◆ **WHAT YOU NEED TO DO**:
Give the lines again exactly as they appear, from the first line of the listing through the line containing "Ganni Candy-Striped Elasticated", and omit every picture.

◆ **DATA PROVIDED**:
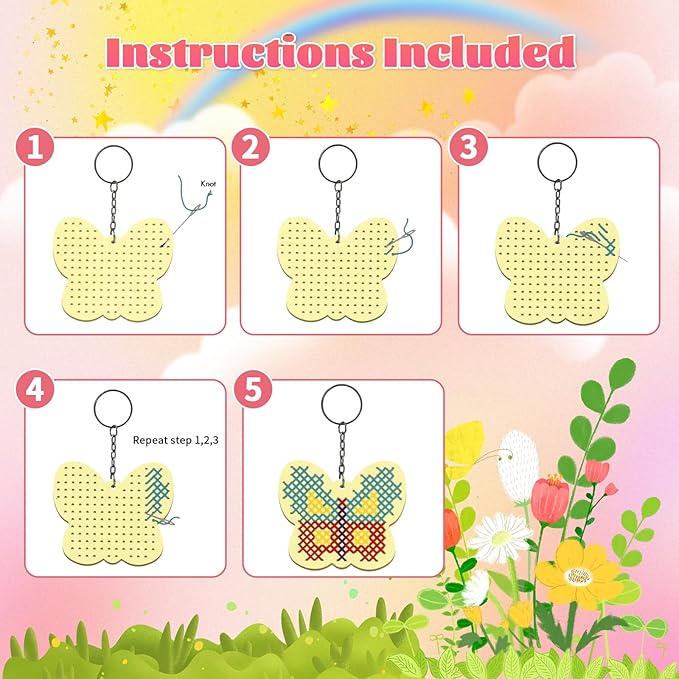 VKPI Wooden Cross Stitch Kits for Kids, Make Your Own 6 Cross Stitching Keyrings, Wood Sewing Kit, Arts & Crafts Butterfly, Flower Ornaments, Embroidery Kit for Beginners, Girls, 6-13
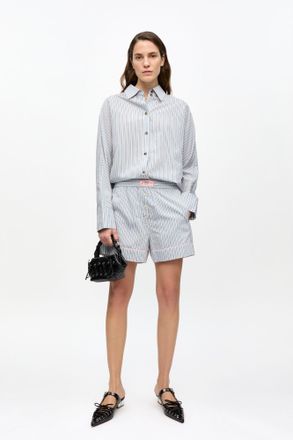 Ganni Candy-Striped Elasticated Shorts in Soft Chambray Size 32 Womens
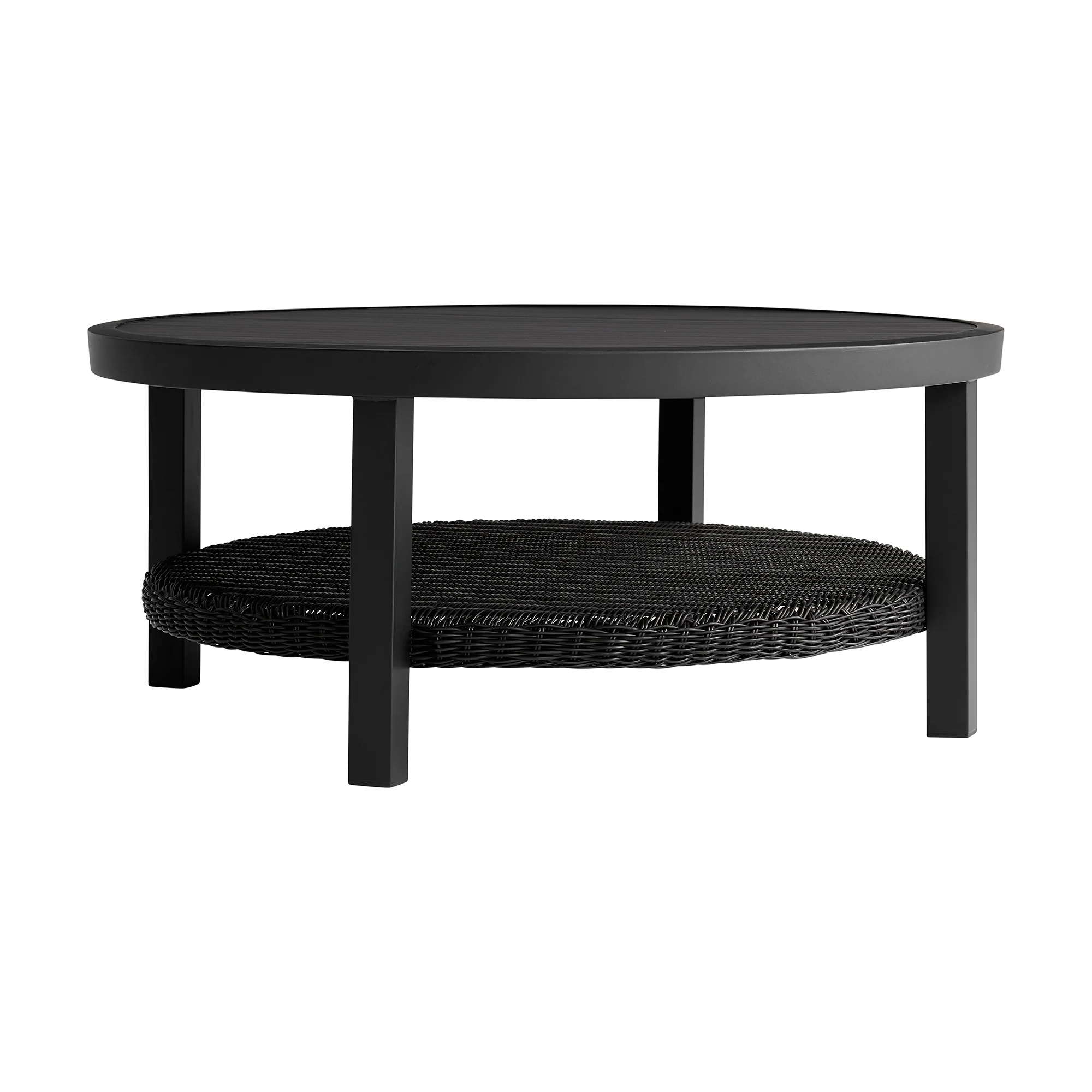 Grand 5 Piece Black Aluminum Outdoor Seating Set with Dark Gray Cushions By Armen Living - Image 6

◆ **RESULT FOR THIS TASK**:
 VKPI Wooden Cross Stitch Kits for Kids, Make Your Own 6 Cross Stitching Keyrings, Wood Sewing Kit, Arts & Crafts Butterfly, Flower Ornaments, Embroidery Kit for Beginners, Girls, 6-13
 Ganni Candy-Striped Elasticated Shorts in Soft Chambray Size 32 Womens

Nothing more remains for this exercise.